2.2.2.2 Kerangka E-commerce
Aktivitas bisnis selalu membutuhkan tempat, maka jelaslah bahwa aplikasi
e-commerce dibangun di atas infrastruktur teknologi yang ada. Banyak orang
mengira e-commerce hanya sekedar situs web, padahal e-commerce sesungguhnya
lebih dari itu. Pada gambar 2.2 menunjukkan bahwa aplikasi e-commerce
ditopang oleh berbagai infrastruktur, sedang implementasinya tidak lepas dari 4 wilayah utama (ditunjukan sebagai empat pilar penyangga) : manusia, kebijakan
publik, standar dan protokoler teknis, serta organisasi lain. Manajemen
e-commerce-lah yang akan mengkoordinasikan aplikasi, infrastruktur dan pilar-pilarnya[6].

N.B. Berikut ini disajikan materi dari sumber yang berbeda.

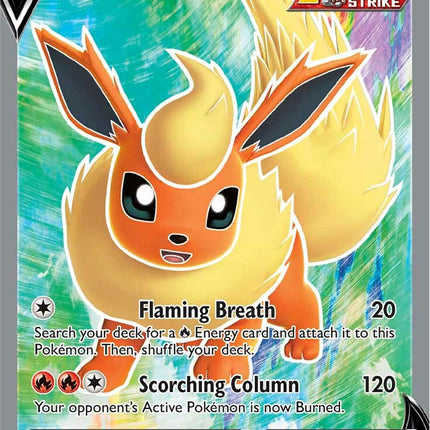 Flareon V (169/203) [Sword & Shield: Evolving Skies]
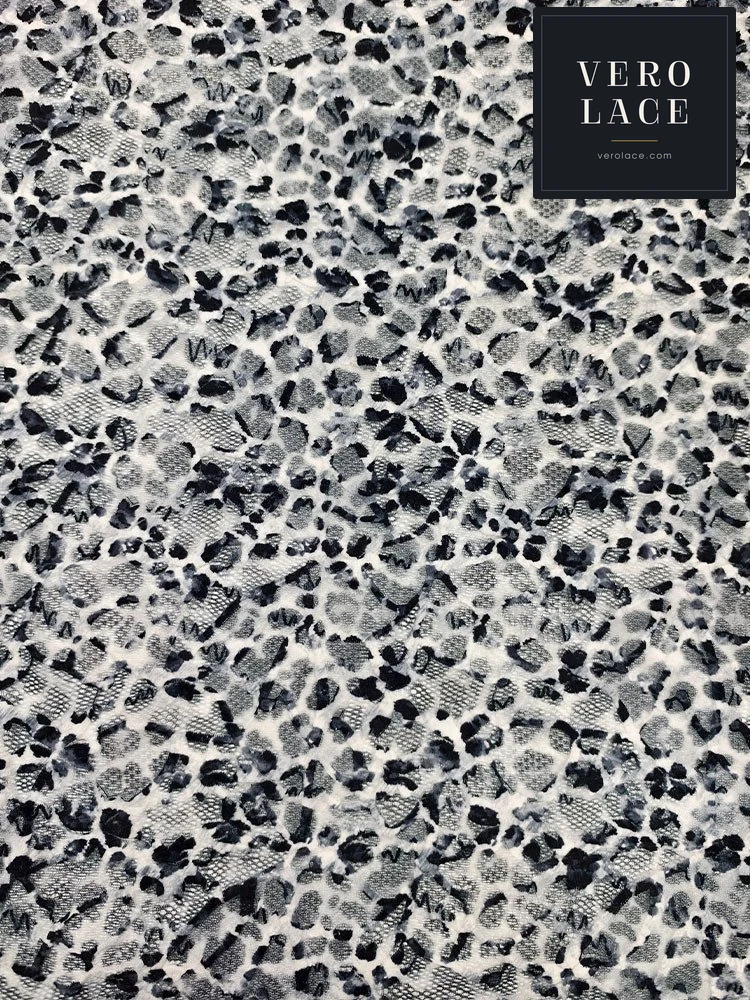 Chenille Lace, Printed Leopard Print — VL-CH-0117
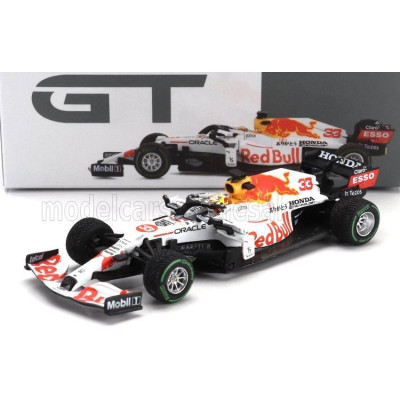 MINI GT RED BULL F1  RB16B HONDA TEAM RED BULL RACING RA620H N 33 WORLD CHAMPION 2nd TURKISH GP 2021 MAX VERSTAPPEN - WHITE RED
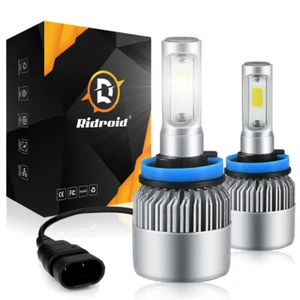 H11 H9 H8 2000W 300000LM LED Headlight Bulb Kit Low Beam Fog Light 6000K White - Picture 1 of 11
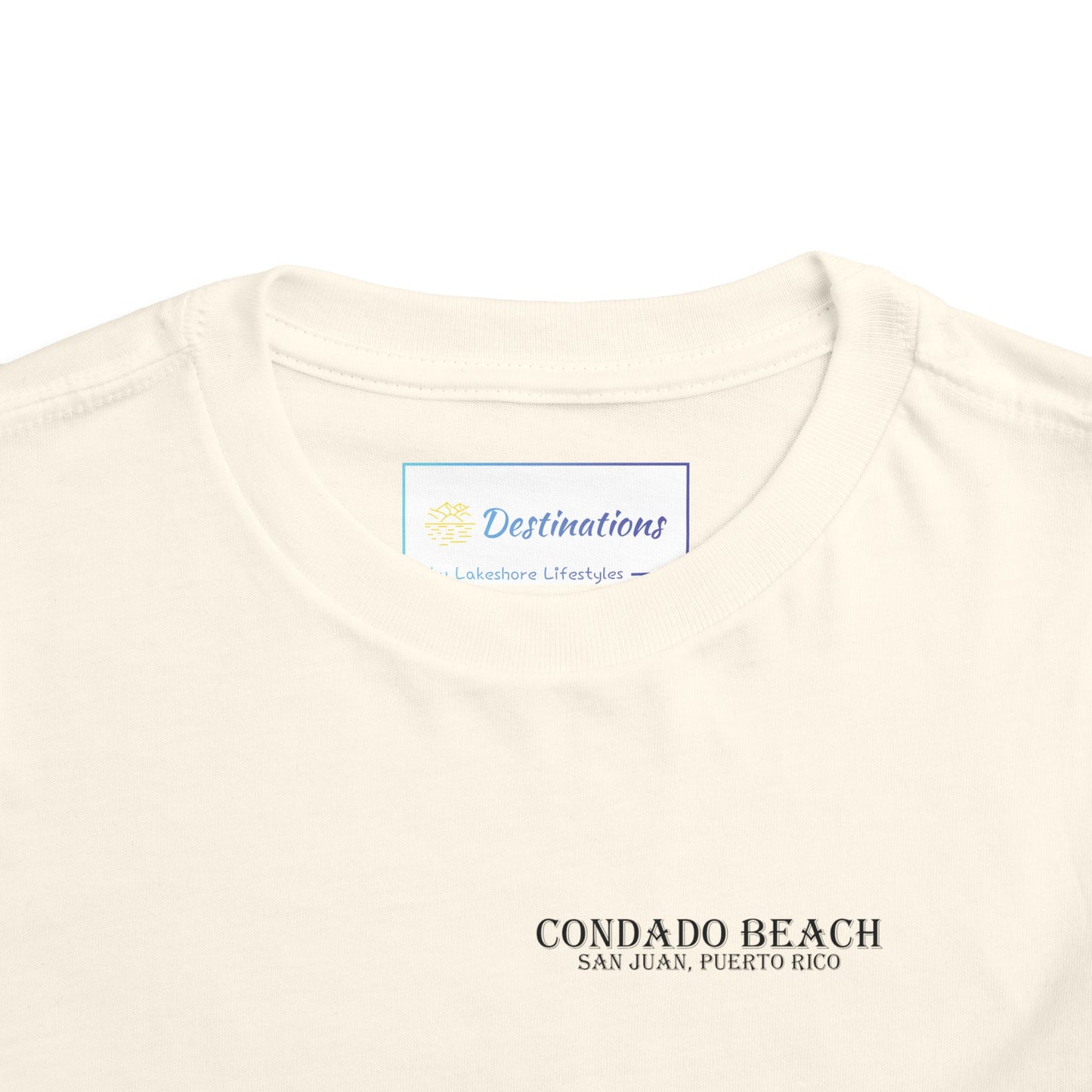 Coastal Vibes Condado Beach Unisex Toddler Short Sleeve Tee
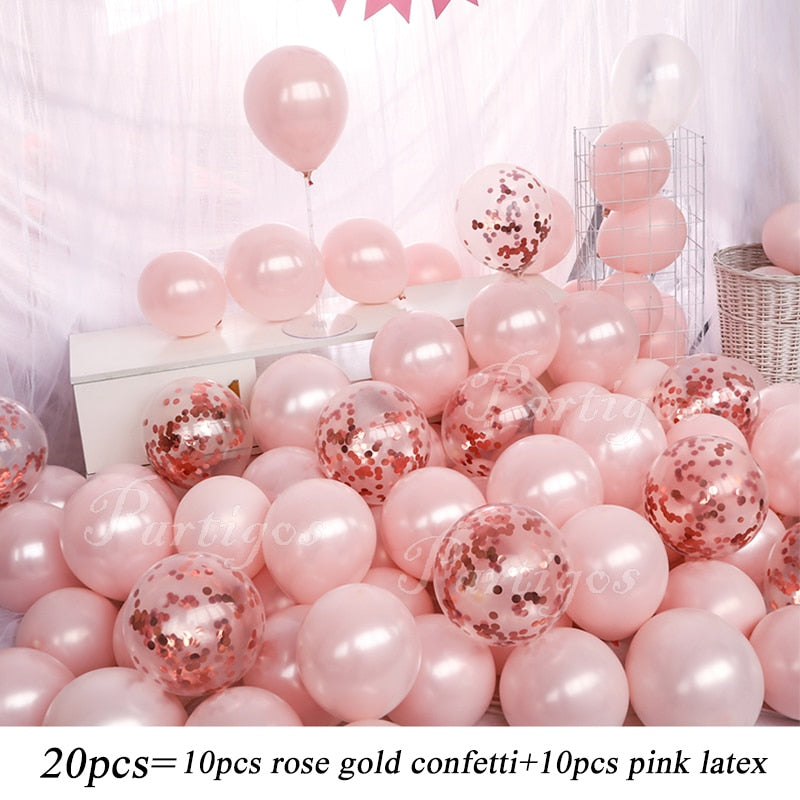 Confetti Latex Party Balloons - 10in Pack of 20 - All Occasions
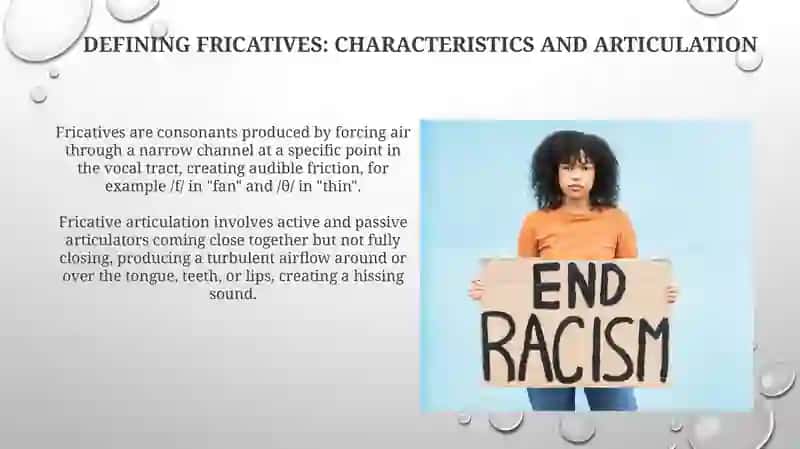 Fricatives and Affricates 4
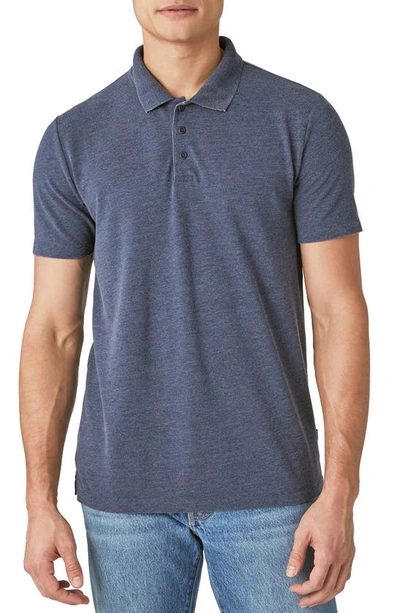 Lucky Brand Venice Burnout Piqué Polo In American N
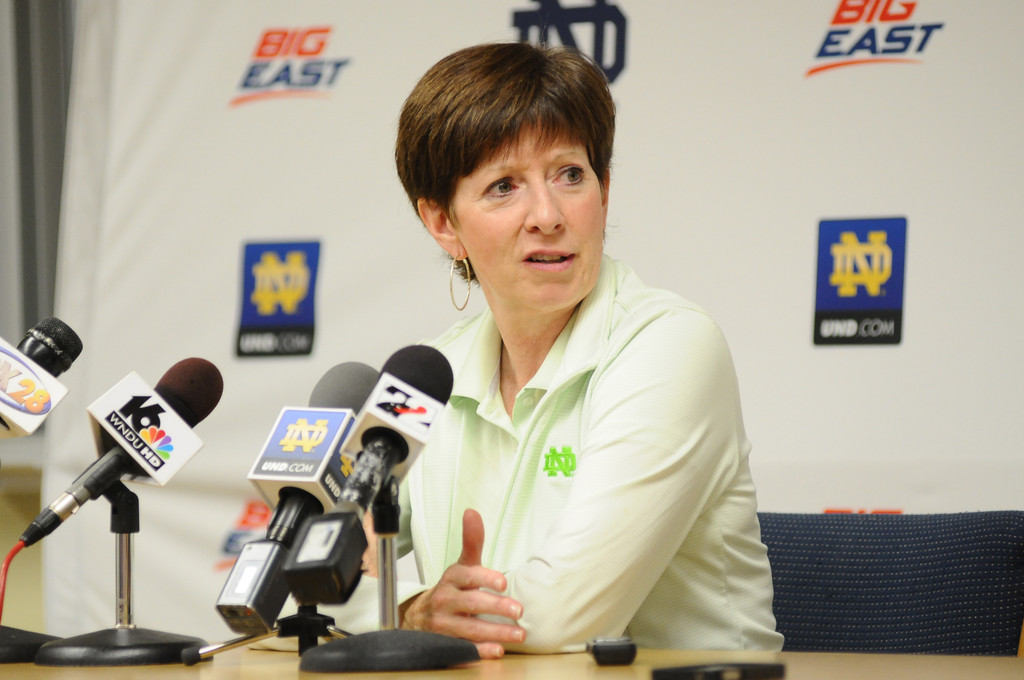 Notre Dame Women's Basketball Media Day 10-11-2012
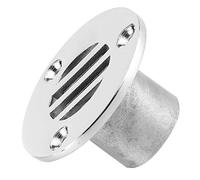 Yechiry Scarico a Pavimento in Acciaio Inossidabile, Accessorio Durevole per Drenaggio Marino, Perfetto per Il Montaggio sul Ponte di Yacht e Barche da Pesca, Opzioni da 22 Mm e 25 Mm (25)
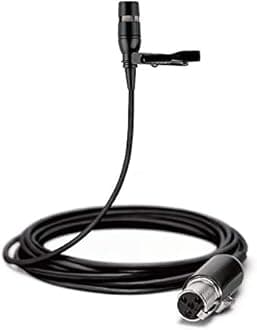 Lavalier Microphone for Shure wl185 Unidirectional Lapel Collar Tie Clip On mic ta4f 4 Pins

Aplikasi e-commerce meliputi bidang saham, pekerjaan, pelayanan,
lelang, travel, hardware dan software PC, hiburan, buku dan musik, pakaian, ritel
dan publikasi online.
Pilar orang terdiri dari pembeli, penjual, perantara, jasa, orang sistem informasi dan manajemen. Pilar kebijakan publik meliputi pajak, hukum, dan isu privasi, bebas bicara dan nama domain. Pilar standar teknis mencakup dokumen, keamanan dan protokol jaringan dan sistem pembayaran. Sedangkan pilar organisasi adalah partner, pesaing, asosiasi, dan pelayanan pemerintah.
Gambar 2.2 Aplikasi E-commerce
Infrastruktur pelayanan bisnis umum terdiri dari keamanan kartu cerdas (otentikasi), pembayaran elektronik, direktori/katalog. Infrastruktur distribusi
informasi dan pesan meliputi EDI (Electronic Data Interchange), e-mail,
multimedia mencakup HTML, Java, Flash, WWW, VRML, PHP, ASP, dan sebagainya. Infrastruktur jaringan terdiri dari telekom, TV kabel, wireless,
internet (VAN, WAN, LAN, Intranet, ekstranet).